In news that all but confirms Facebook is slowly taking taking over the world via their constantly increasingly list of products and features, leaked documents have shown that the website curates their trending news topics rather than leaving it completely up to an algorithm. And, shocker, it might not be as unbiased as some people think! This entire week, Facebook has been trying to fight the “evil empire” reputation it is gaining based on a few recent controversies. An article run by Gizmodo included quotes from a former member of the trending topics team that did not make Facebook look remotely like a good guy in the situation. Among the allegations were that employees were mistreated, set apart from the rest of the company, and above all told to favor liberal news outlets while suppressing more conservative news sources.
Now, The Guardian has unearthed documents that supposedly lay out exactly how the site’s news team operates and the details only rebuff the accusations ever so slightly. As reported by The Verge,
The new document’s section on “importance” level tells a more complex story than simple anti-conservative bias. The document designates 10 outlets as particularly central, and instructs editors to only label a topic as a “National Story” or “Major Story” based on how many of those publications placed the news on their front page.
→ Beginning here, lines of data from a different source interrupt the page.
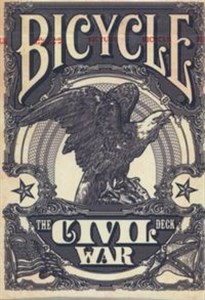 Picture of Karty do gry Bicycle CIVIL WAR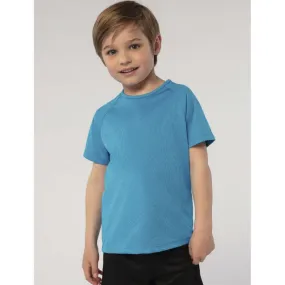 Sol's Kids Short Sleeve Technical Sports T-Shirt Sporty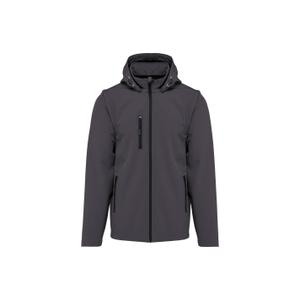 k422-titanium-3-layer-hooded-jacket-with-removable-sleeves-kariban-softshell-titanium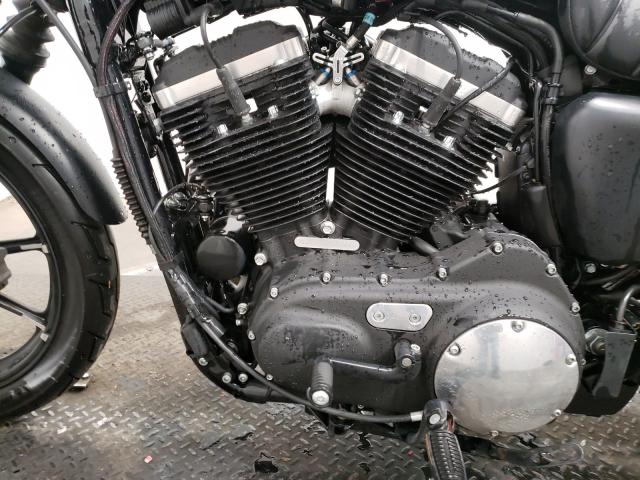2019 HARLEY-DAVIDSON XL883 N 1HD4LE237KC422506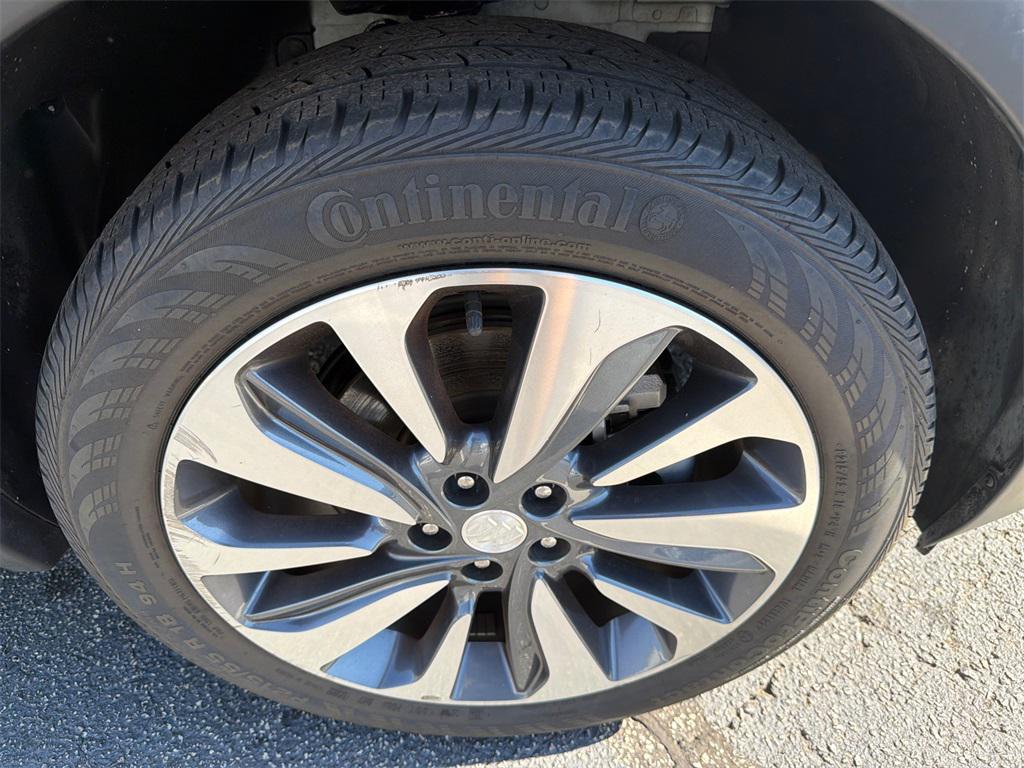 used 2022 Buick Encore car, priced at $18,991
The publications include TheNew York Times, BBC News, and USA Today as well as a number of conservative outlets like Fox News and The Wall Street Journal.
Still, editors could only choose between topics that had been surfaced by Facebook’s trending algorithm, which monitors news websites as well as activity by Facebook users. In the event that a newsworthy event was not detected by the system, editors were instructed to flag the topic for the engineering team.
So basically, the news team could still choose more liberal stories as long as they were surfaced by the algorithm first and then made available for inclusion. Even though conservative sources are on the list doesn’t mean the team regularly went to that well when deciding what to highlight and what to suppress. The documents mention that each editor used their own judgement on what to use as each story’s main link or source. This latest twist might help Facebook say that they don’t actively encourage the ignoring of conservative news outlets, but it also leaves a lot of questions hanging about their general practices. Once you go evil, it’s harder to pull a U-turn back to “everybody loves you town” than it seems.